- _What is needed_: Please retype every entry as written, and keep the pictures out.

--------------------------------

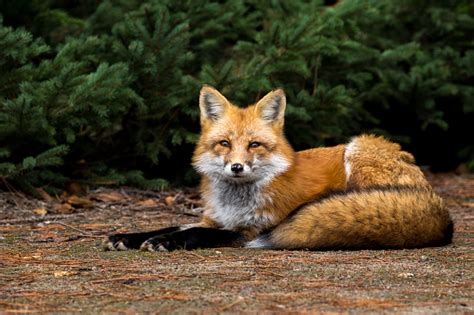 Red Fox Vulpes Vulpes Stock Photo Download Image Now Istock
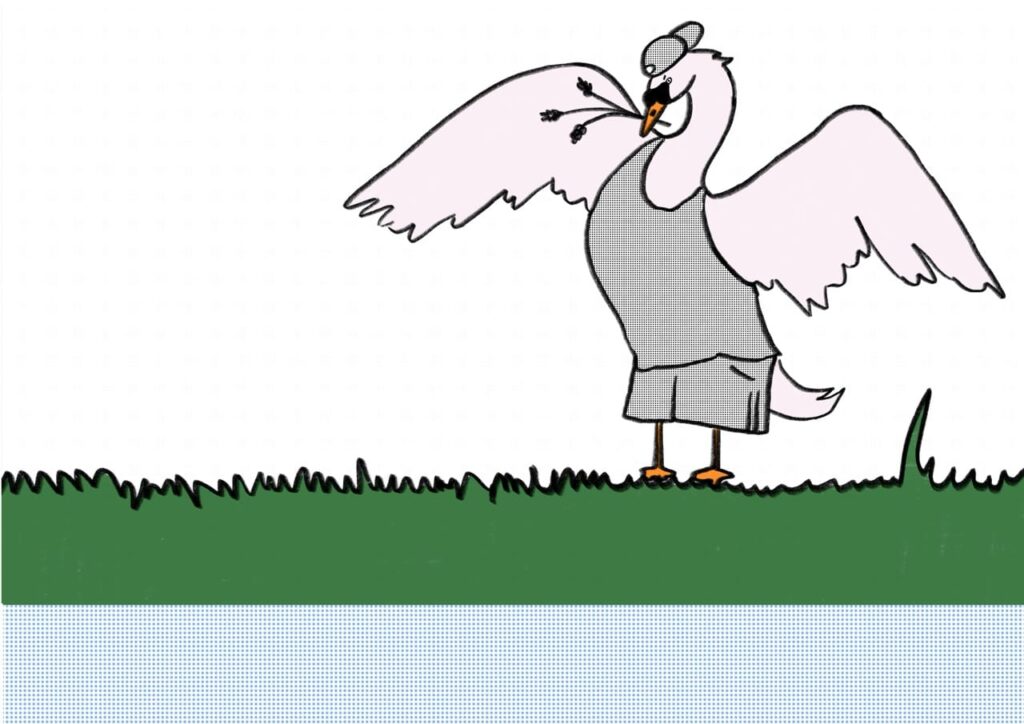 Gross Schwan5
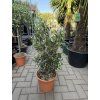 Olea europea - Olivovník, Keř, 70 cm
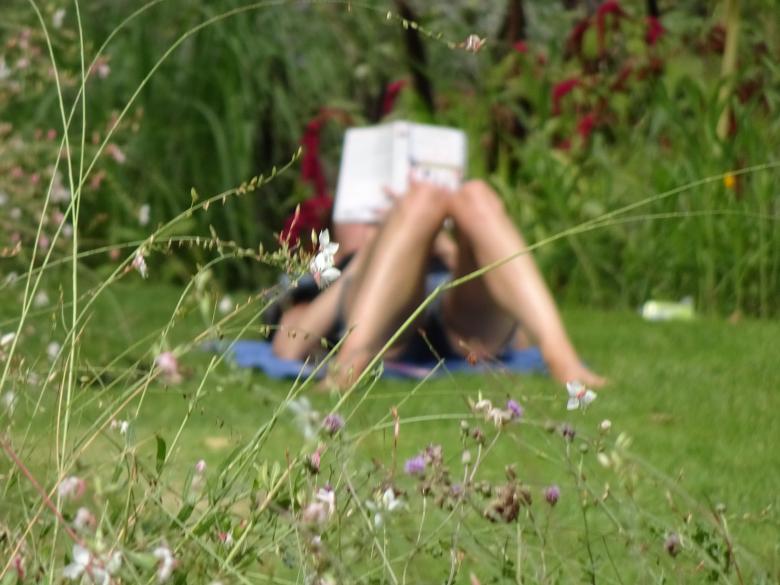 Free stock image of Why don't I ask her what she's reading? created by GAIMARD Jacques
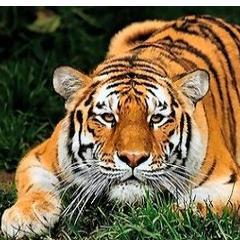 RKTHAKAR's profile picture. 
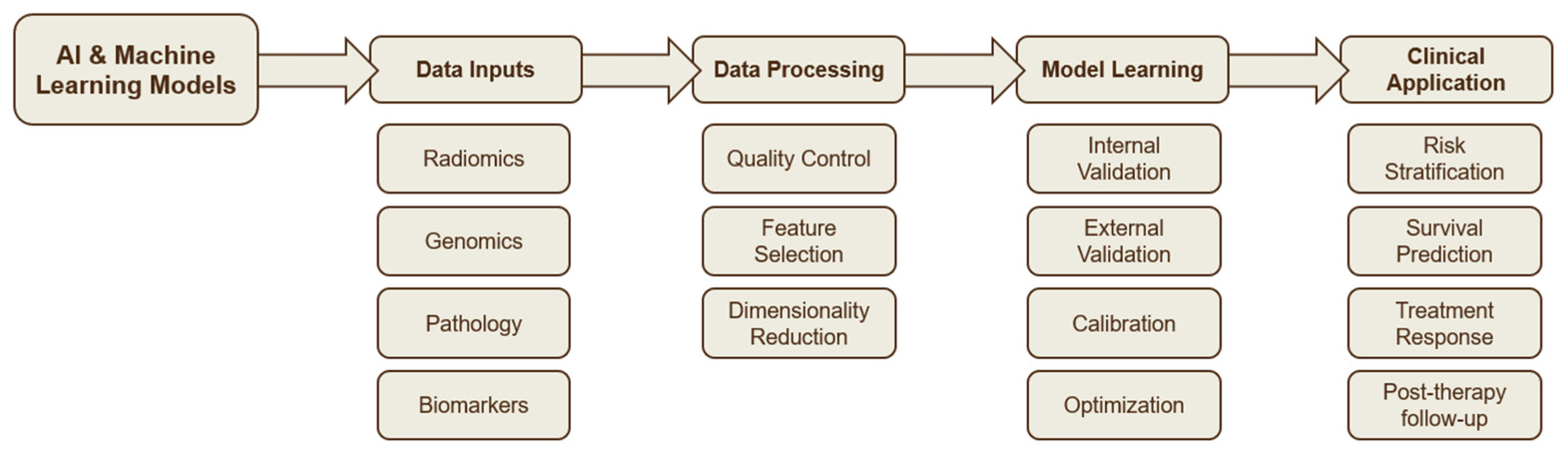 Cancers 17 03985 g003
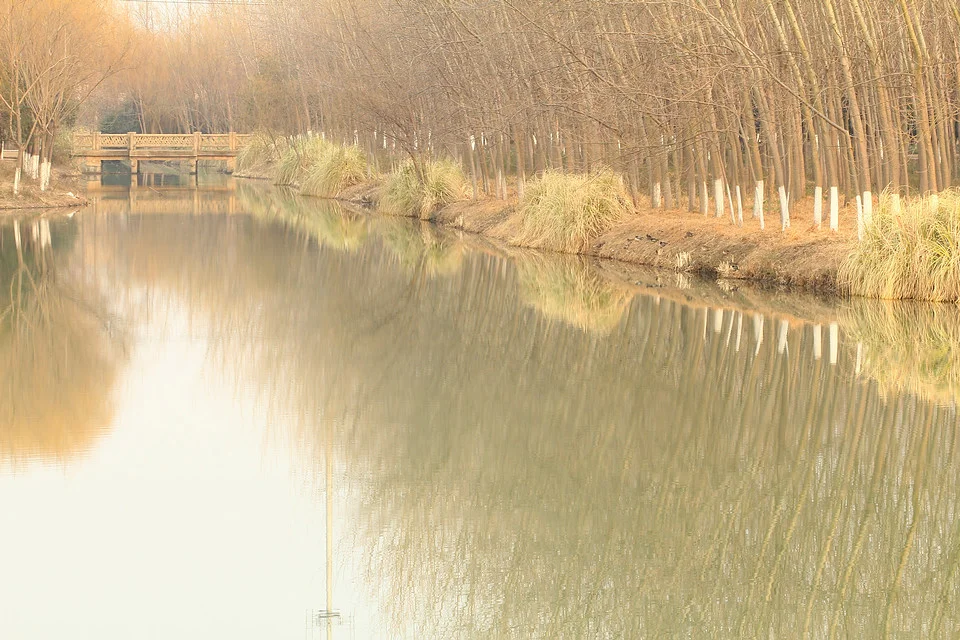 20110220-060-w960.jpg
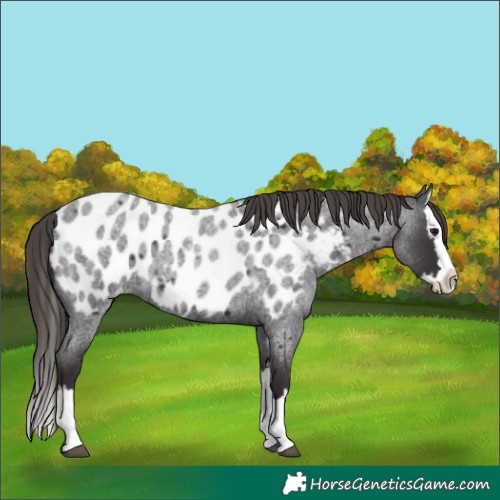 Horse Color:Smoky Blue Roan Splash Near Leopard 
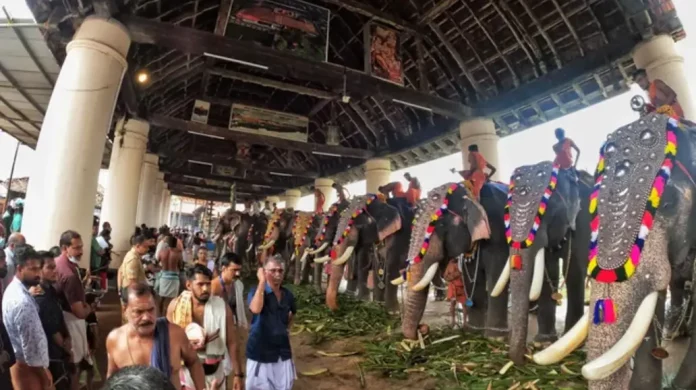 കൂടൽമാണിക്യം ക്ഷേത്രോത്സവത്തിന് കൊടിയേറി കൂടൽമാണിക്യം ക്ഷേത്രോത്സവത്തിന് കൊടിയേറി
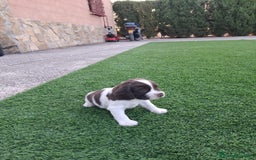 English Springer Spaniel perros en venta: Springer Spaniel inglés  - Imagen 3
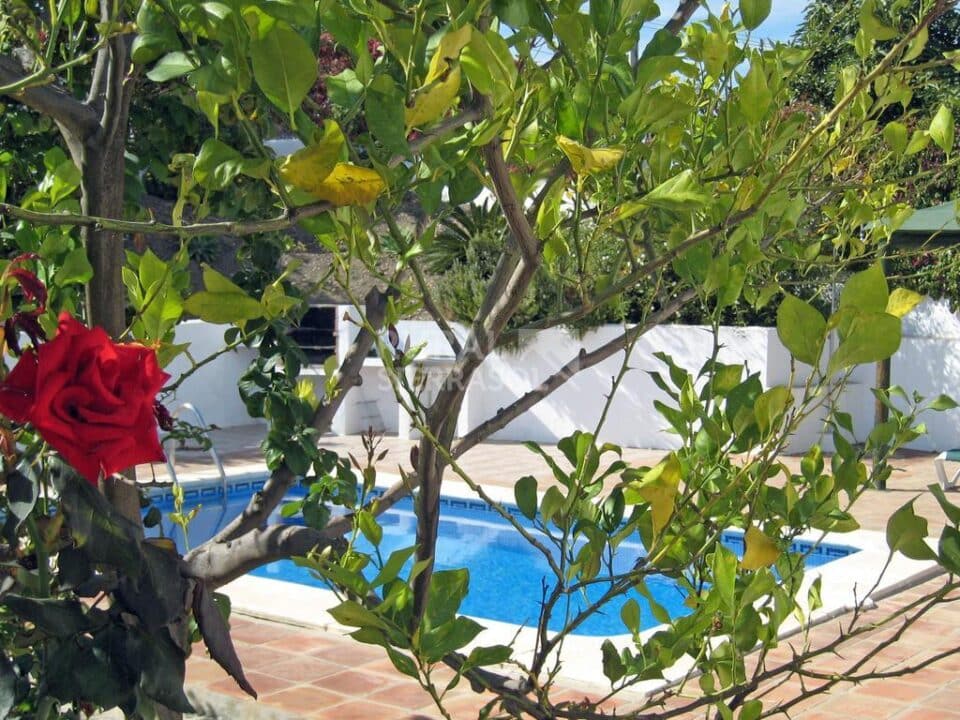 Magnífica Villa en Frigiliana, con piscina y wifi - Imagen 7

--------------------------------

- _Response to this exercise_:
 Red Fox Vulpes Vulpes Stock Photo Download Image Now Istock
 Gross Schwan5
 Olea europea - Olivovník, Keř, 70 cm
 Free stock image of Why don't I ask her what she's reading? created by GAIMARD Jacques
 RKTHAKAR's profile picture. 
 Cancers 17 03985 g003
 20110220-060-w960.jpg
 Horse Color:Smoky Blue Roan Splash Near Leopard 
 കൂടൽമാണിക്യം ക്ഷേത്രോത്സവത്തിന് കൊടിയേറി കൂടൽമാണിക്യം ക്ഷേത്രോത്സവത്തിന് കൊടിയേറി
 English Springer Spaniel perros en venta: Springer Spaniel inglés  - Imagen 3
 Magnífica Villa en Frigiliana, con piscina y wifi - Imagen 7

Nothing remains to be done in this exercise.